The man responsible for the invention of the pop-up ad, that infamous source of irritation from the Nineties and Noughties, has come forward and officially apologised for the ways in which his creation has shaped online business models. In an essay on The Atlantic entitled ‘Advertising is the Internet’s Original Sin’, Ethan Zuckerman speaks at length about the ad-centric web, which stems from the days when he was working at Tripod.com.
“At the end of the day, the business model that got us funded was advertising,” he recalls. “Along the way, we ended up creating one of the most hated tools in the advertiser’s toolkit: the pop-up ad.” As the story goes, Zuckerman wrote the code for a pop-up in order to cover a banner for an automotive brand which had accidentally been placed on an adult site. Shortly after, Geocities snapped up the code and started proliferating pop-up ads across the web. And nothing was ever the same again.
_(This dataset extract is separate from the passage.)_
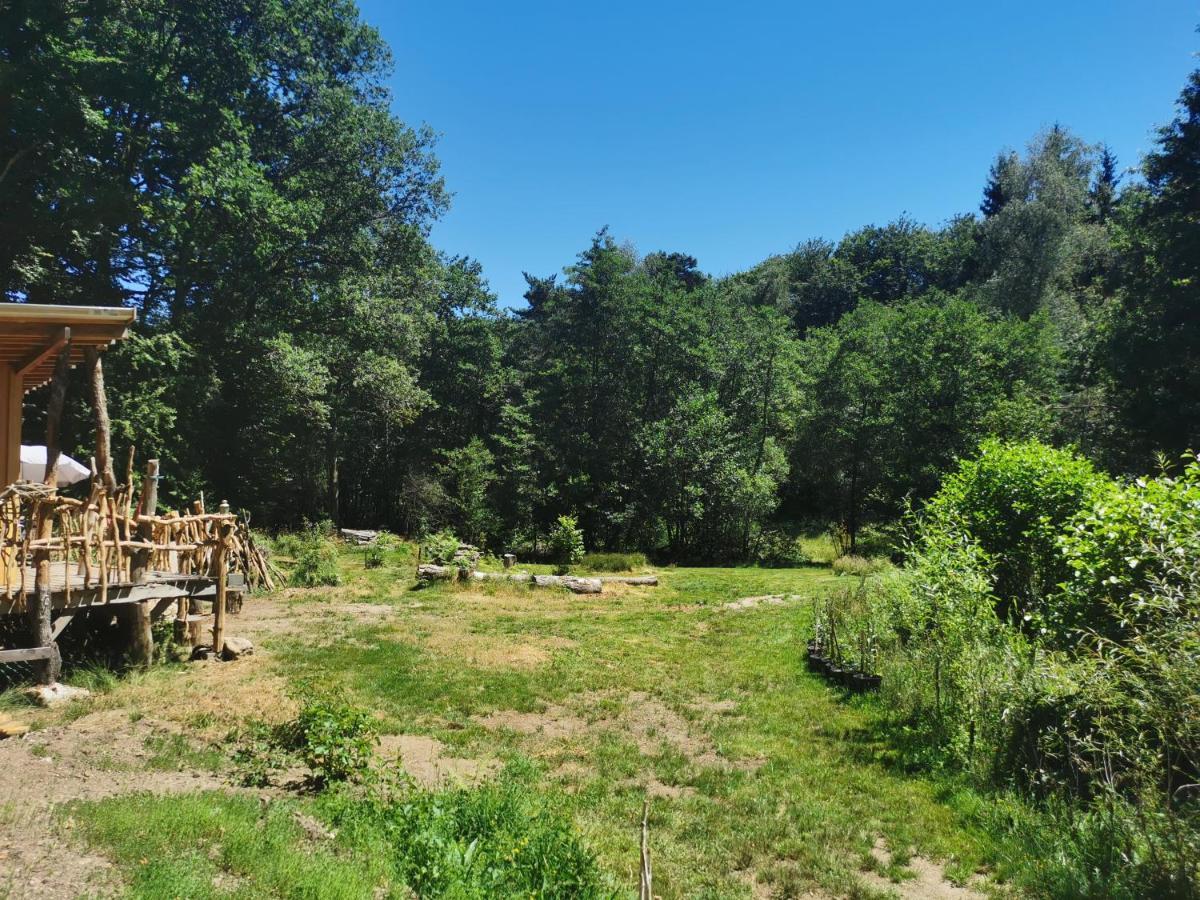 Gite Nature Au Pied Des Hetres Vitrac-sur-Montane Exterior foto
“Once we’ve assumed that advertising is the default model to support the Internet, the next step is obvious,” says Zuckerman. “We need more data so we can make our targeted ads appear to be more targeted.” But he is concerned that this default mode is not necessarily good for consumers, and goes on to say that a new conversation is needed in order to modify the historic bad habits and skewed expectations of advertisers and consumers alike.
“We’ve trained Internet users to expect that everything they say and do online will be aggregated into profiles (which they cannot review, challenge or change) that shape both what ads and what content they see,” he says. “Outrage over experimental manipulation of these profiles by social networks and dating companies has led to heated debates amongst the technologically savvy, but hasn’t shrunk the user bases of these services, as users now accept that this sort of manipulation is an integral part of the online experience.”
As far as alternative models go, Zuckerman believes there is no single solution as yet. He cites crypto-currency and mobile money as potentially more democratic means of monetising the web, although they come with their own innate legal and regulatory complications. “Whether we embrace micropayments, membership, crowdfunding, or any other model, there are bound to be unintended consequences,” he says. “But 20 years into the ad-supported web, we can see that our current model is bad, broken, and corrosive. It’s time to start paying for privacy, to support services we love, and to abandon those that are free, but sell us – the users and our attention – as the product.”